J Imaging Inform Med. 2026 Jun 11. doi: 10.1007/s10278-026-02044-5. Online ahead of print.

ABSTRACT

As a low-dose portable imaging technology, chest X-ray (CXR) is widely used for the screening of lung diseases, including COVID-19. However, existing deep learning methods for CXR-based COVID-19 detection and common pneumonia recognition still face the challenge of limited discrimination, partly because it is difficult to effectively integrate fine-grained local lesion information with global spatial context. To address this problem, we propose a triple neural network framework based on Mixture of Experts (TriNet-MoE) for CXR-based COVID-19 detection. Specifically, TriNet-MoE integrates ResNet34 for basic local features, ResNet50 for higher-order local semantics, and a Vision Transformer for global context to form a mixture-of-experts model. Then, a three-stage cross-attention mechanism, Cross-Attention Synergy (CA-Synergy), is designed to enable hierarchical feature interaction among experts, including complementary local feature mining between the ResNet dual branches and bidirectional information exchange with the ViT, aiming to obtain more discriminative fusion features.

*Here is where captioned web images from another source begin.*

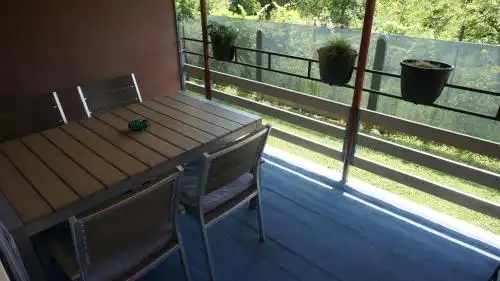 Apartman Tina - 10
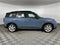 2026 MINI Cooper S Countryman Signature Plus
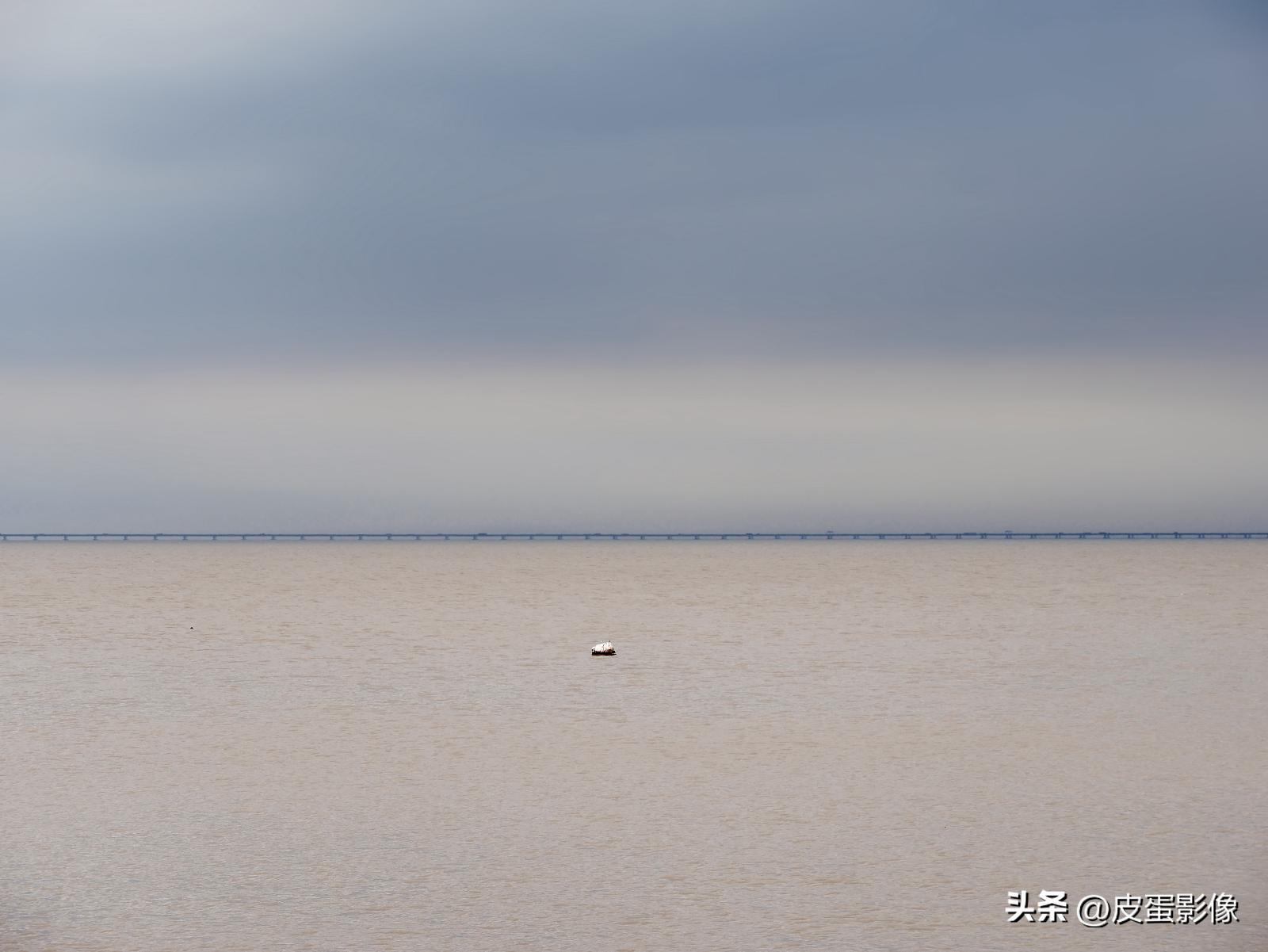 人像拍摄教程光影怎么拍,拍摄人像光源的技巧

In addition, a dynamic decision mechanism, MoE-Intelligent Linked Feature Collaborator (MoE-ILFC), is introduced to adaptively fuse expert features based on the input content. Experiments on the DLAI3 and COVIDx datasets show that TriNet-MoE achieves accuracies of 98.73% and 98.78%, respectively, consistently outperforming representative baselines under the same experimental settings. Additional statistical evaluations across multiple runs demonstrate stable performance improvements, while cross-dataset experiments further validate the generalization capability of the proposed framework under domain shifts. Visualization analyses, including Grad-CAM activation maps and gating weight distributions, provide qualitative insights into how TriNet-MoE for robust COVID-19 detection.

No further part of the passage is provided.